The recordings are a big improvement, however for that money I'd expect them to dig Otto up, reanimate him and get him to conduct the whole cycle again in my living room. :lol: As far as the difference between 16 bit and 24 bit is concerned, I doubt anyone would even notice.


----------



## premont

Merl said:


> The recordings are a big improvement, however for that money I'd expect them to dig Otto up, reanimate him and get him to conduct the whole cycle again in my living room. :lol: *As far as the difference between 16 bit and 24 bit is concerned, I doubt anyone would even notice.*


*

*

Thanks. I supposed that.


----------



## starthrower

I am just recently exploring Klemp's EMI recordings. I enjoyed the Wagner discs, and his Strauss Metamorphosen is incredible! I have a 2 disc Mozart set from the library and I like the sound of these. His Mendelssohn 3rd is great too. I'm looking forward to the Brahms symphonies, and Mahler. And exploring the Romantic box.


----------



## Itullian

starthrower said:


> I am just recently exploring Klemp's EMI recordings. I enjoyed the Wagner discs, and his Strauss Metamorphosen is incredible!

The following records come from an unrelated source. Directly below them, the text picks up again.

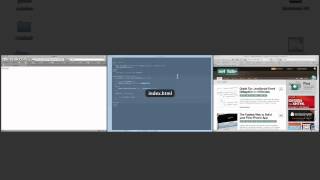 JavaScript from Null: Chapter 5 - Events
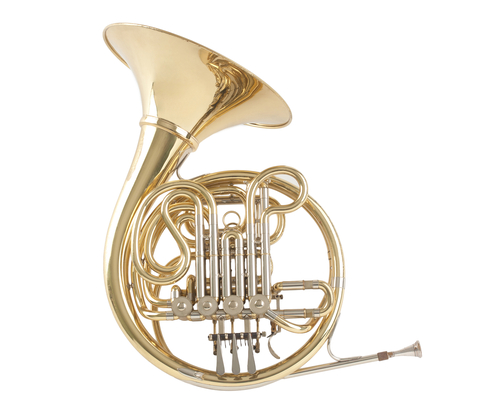 French-horn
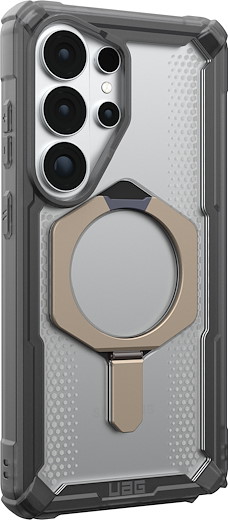UAG Plasma XTE Case w/Magnet - Galaxy S26 Ultra - ash/titanium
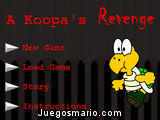 La venganza de Koopa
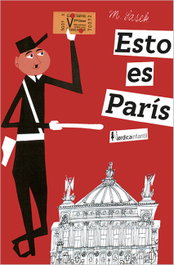 NORDICA LIBROS, ESTO ES PARIS, VV.AA. - NORDICA LIBROS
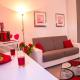 The Relax Apartment, Montagnana - Fotografie 1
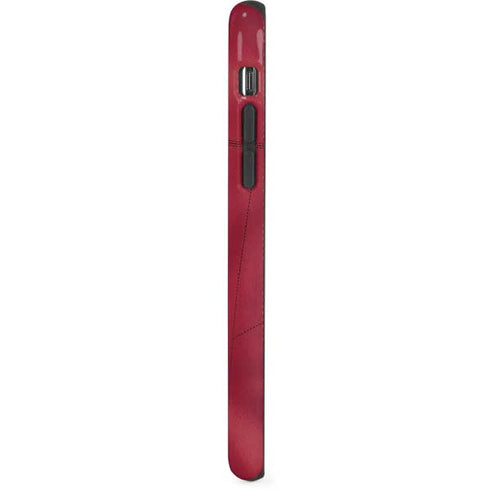 University of Oklahoma Red Jersey iPhone XS Pro Case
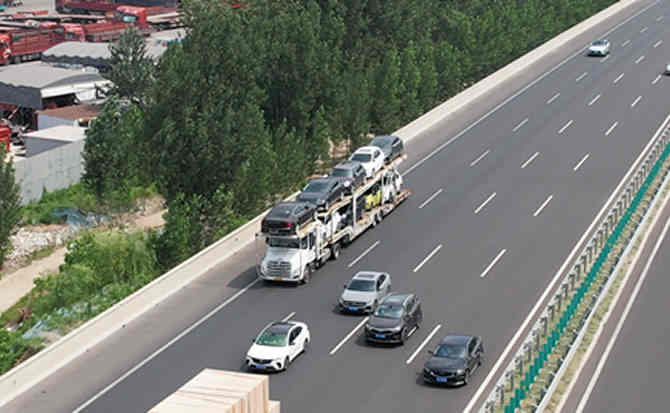 山亭区高速公路汽车救援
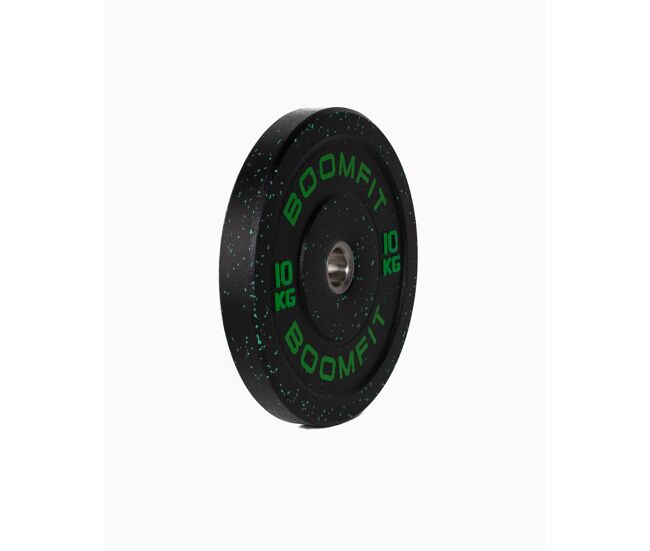 Disco hi-temp 10kg - boomfit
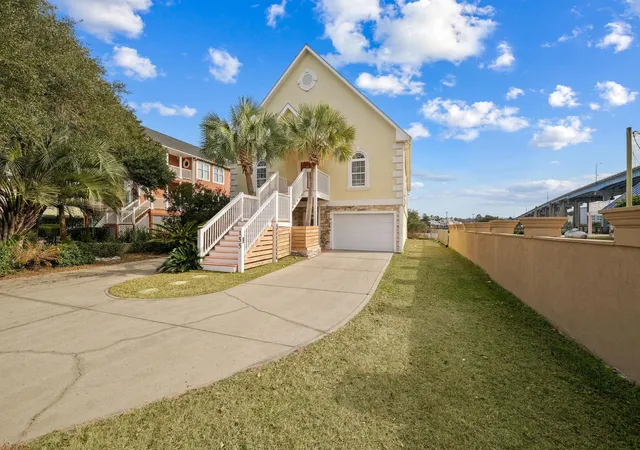 Photo 4 of Single family home for sale at 155 Pier Pointe Dr, Little River, SC 29566 | MLS# 2603223 | Listing updated on 2026-08-30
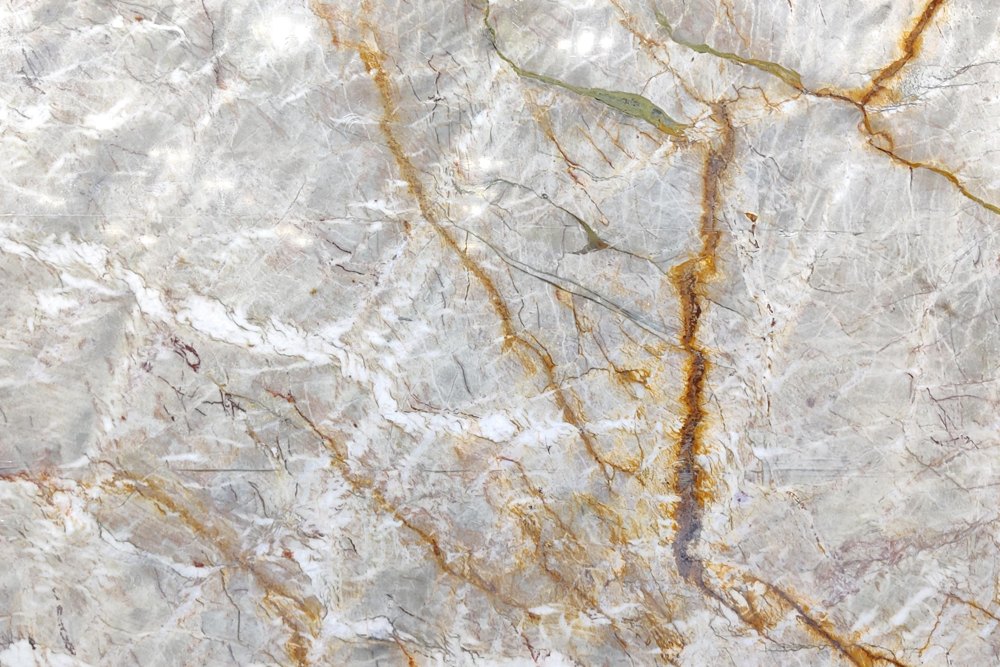 Amber Fantasy marble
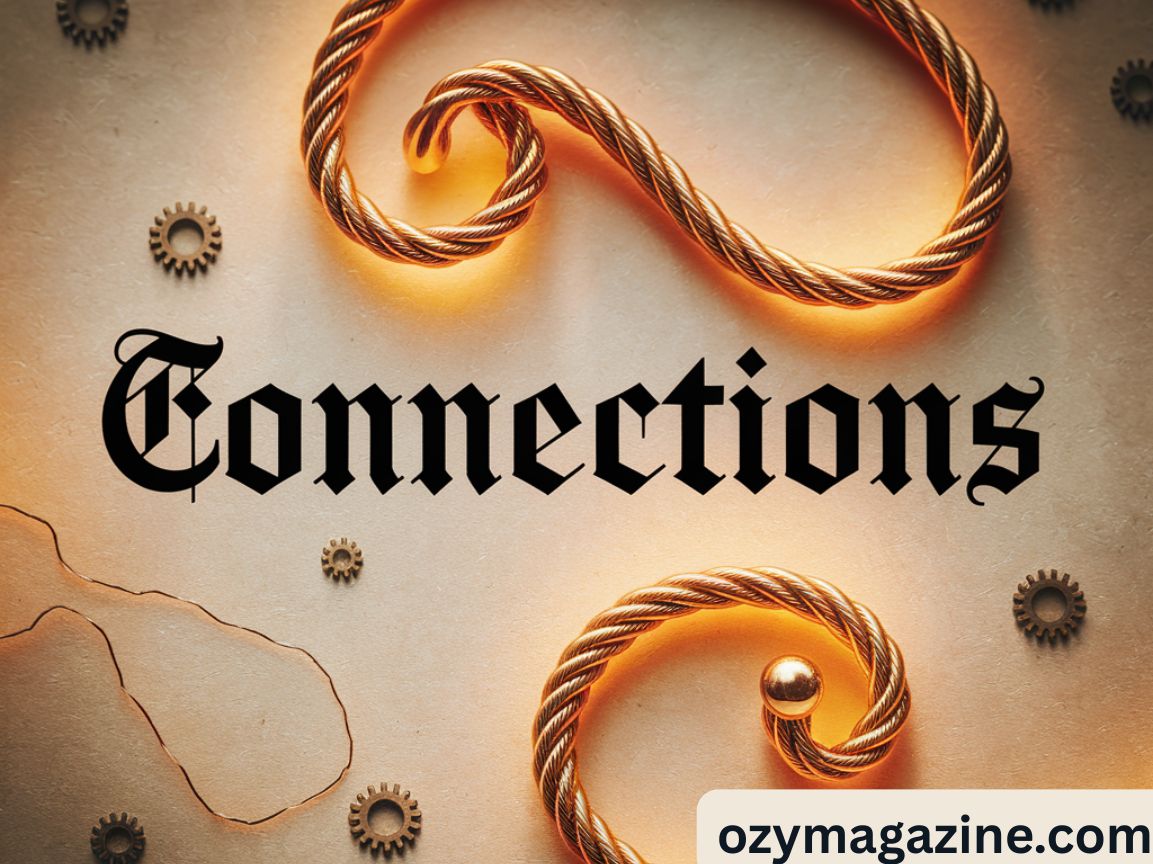 Connections Hint Mashable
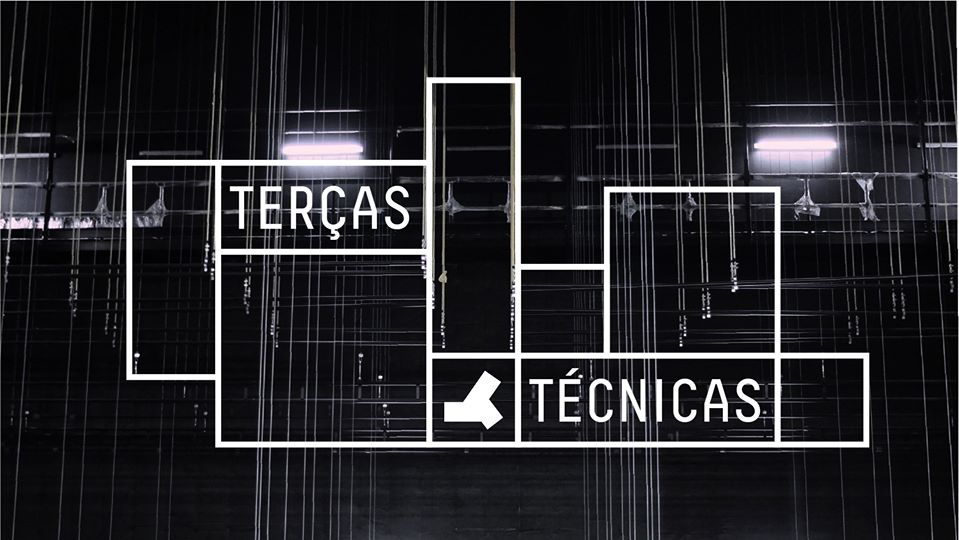 Terças Técnicas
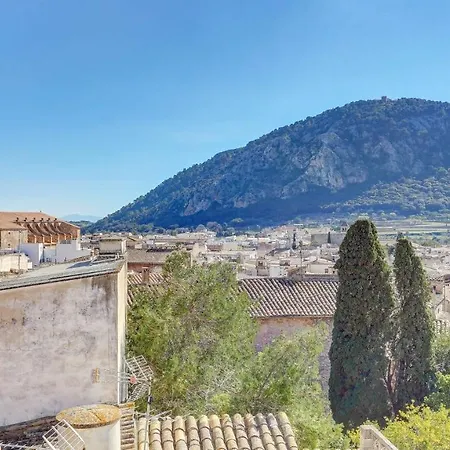 Будинок відпочинку Casa Hill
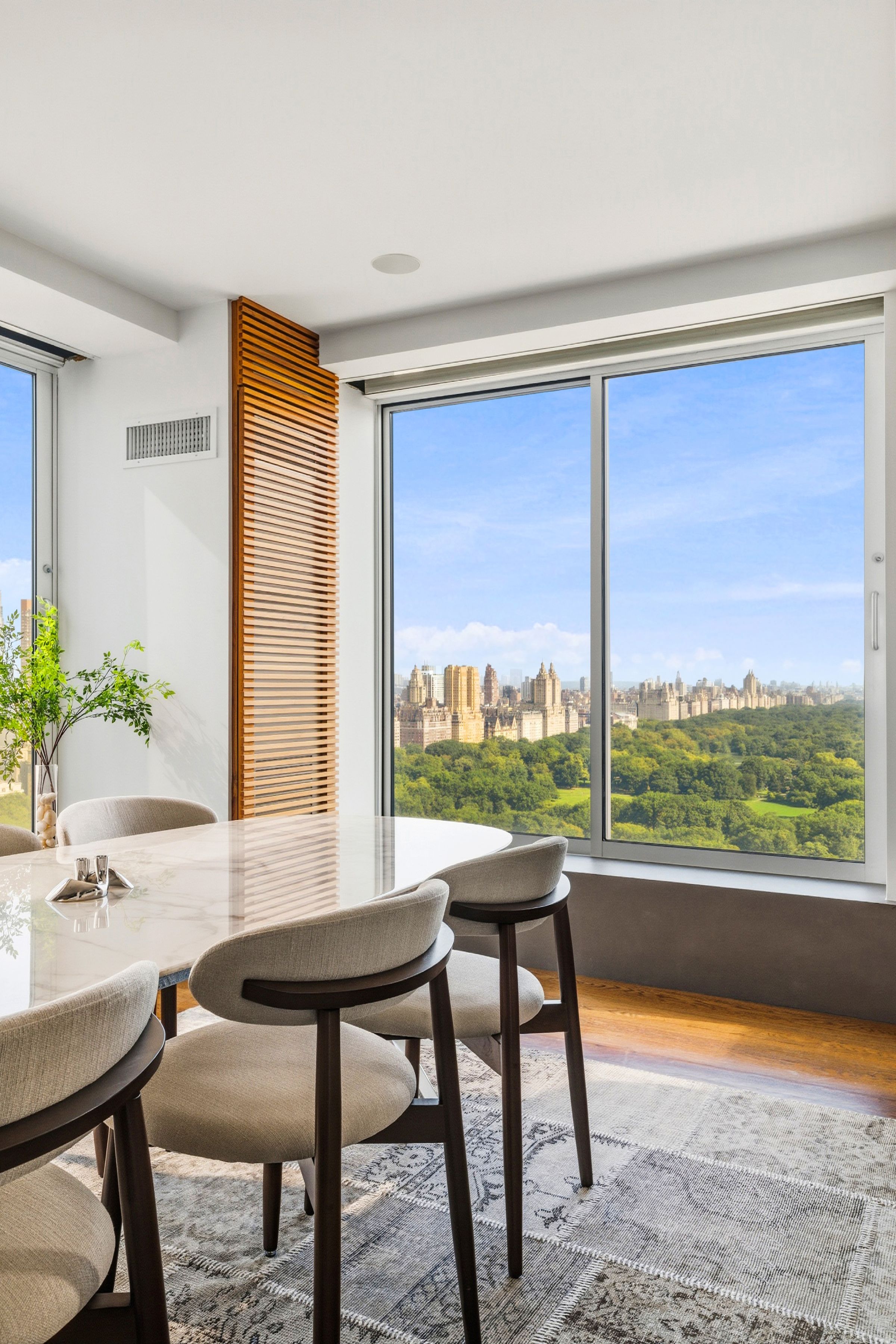  106 Central Park South - 物件實景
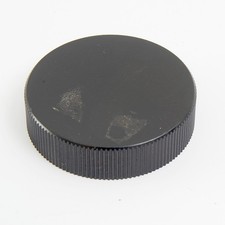 UNBRANDED 42mm SCREW FIT M42 REAR LENS CAP  #AE604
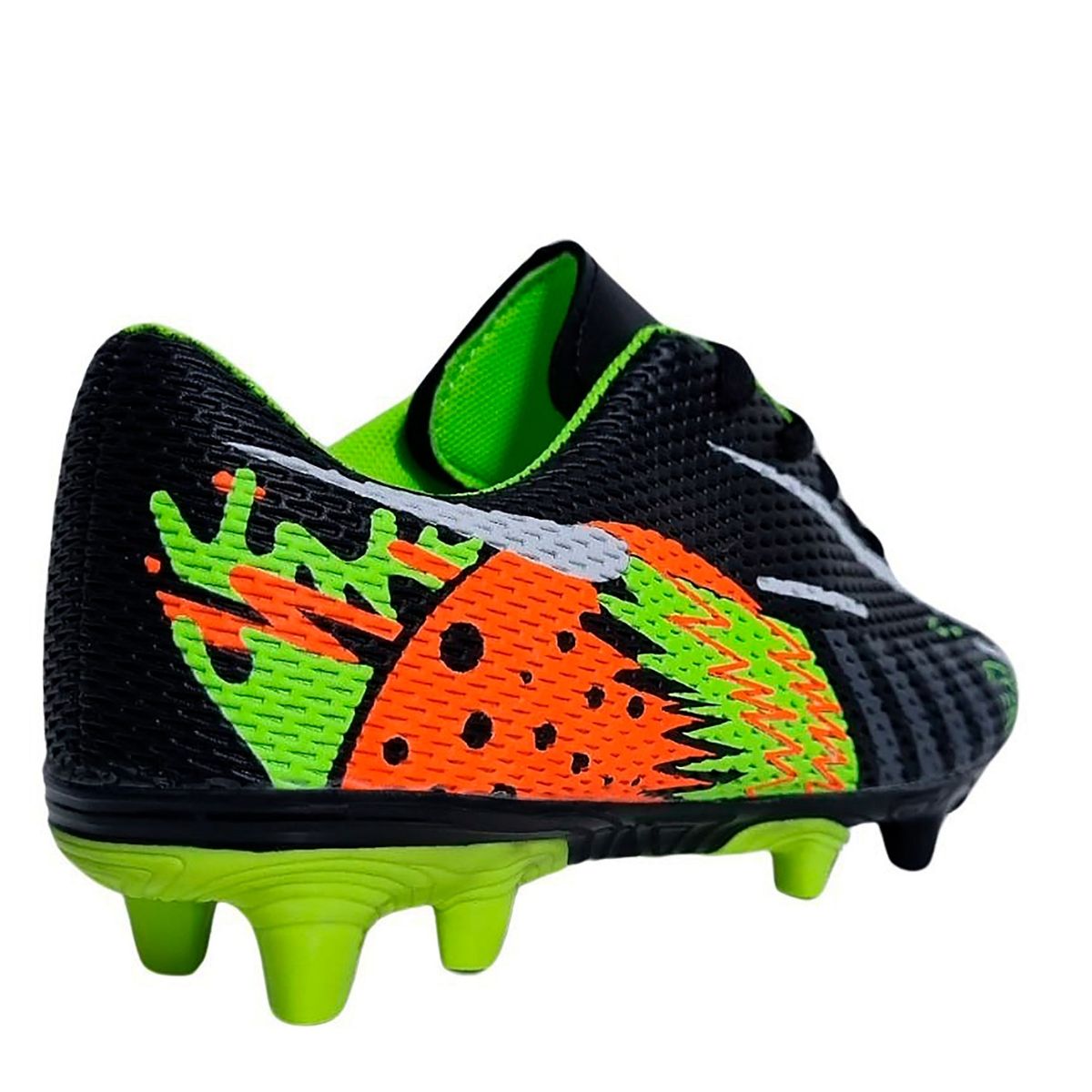 ZAPATILLACHILE - Zapatillas Futsal Baby Fútbol Niños Pasion Por El Deporte Rey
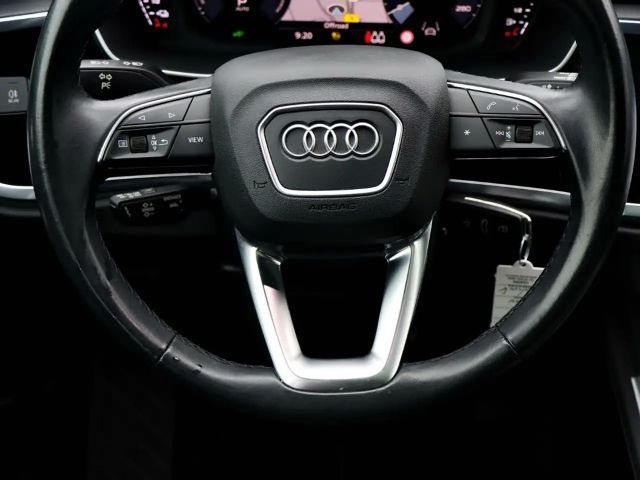 Audi Q3 45 TFSI Hybride S-Tronic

I have a 2 disc Mozart set from the library and I like the sound of these. His Mendelssohn 3rd is great too. I'm looking forward to the Brahms symphonies, and Mahler. And exploring the Romantic box.


It's all great.


----------



## starthrower

Zarathustra isn't on the Strauss album. Maybe Klemp didn't like that one? But I can supplement it with the Karajan '73 disc.


----------



## DavidA

realdealblues said:


> To me the only people who find Klemperer's recordings out of fashion are those with tin ears, are not musicians themselves and/or have no idea what interpretation means in music.
> 
> .


No doubt some of the composers he conducted would also have had tin ears as they would have conducted their works very differently from Klemperer! Come on, he even re-wrote some of the last movement of Mendelssohn's third!


----------



## flamencosketches

I love all of Klemperer's EMI recordings that I've heard, even his infamous Mahler 7th, though I don't know if I'll ever be in the mood to hear it all in one sitting. His Brahms on EMI is incredible, the recordings that got me into Brahms. I really want to get the Beethoven and Mozart boxes too, though I bet the Wagner overtures and Strauss poems box is also great (I don't have as much love for that material as I do some of Klemperer's other major repertoire).

I just ordered this one:










Excited to hear the rest of it. What little I heard sounded great. Old fashioned as hell, I'm not afraid to admit. But a worthy, 20th century post-Romantic interpretation.


----------



## starthrower

The Wagner overtures are great. And Klemp's Strauss is very powerful. Since I've already got his German Requiem CD, I might go with this cheap set instead of the EMI Brahms set. It has Klemp's Beethoven & Brahms cycles on 10 CDs.
https://www.prestomusic.com/classical/products/8389173--otto-klemperer-original-albums


----------



## Josquin13

Here's a list of what I would consider to be Klemperer's most essential EMI recordings:

--Brahms, Violin Concerto (with David Oistrakh; although I like Oistrakh with Szell in Cleveland, too)
--Brahms, German Requiem
--Brahms, Symphonies 1-4 (however, I prefer Eugen Jochum's Brahms Symphonies 1-4, among sets by older German conductors...)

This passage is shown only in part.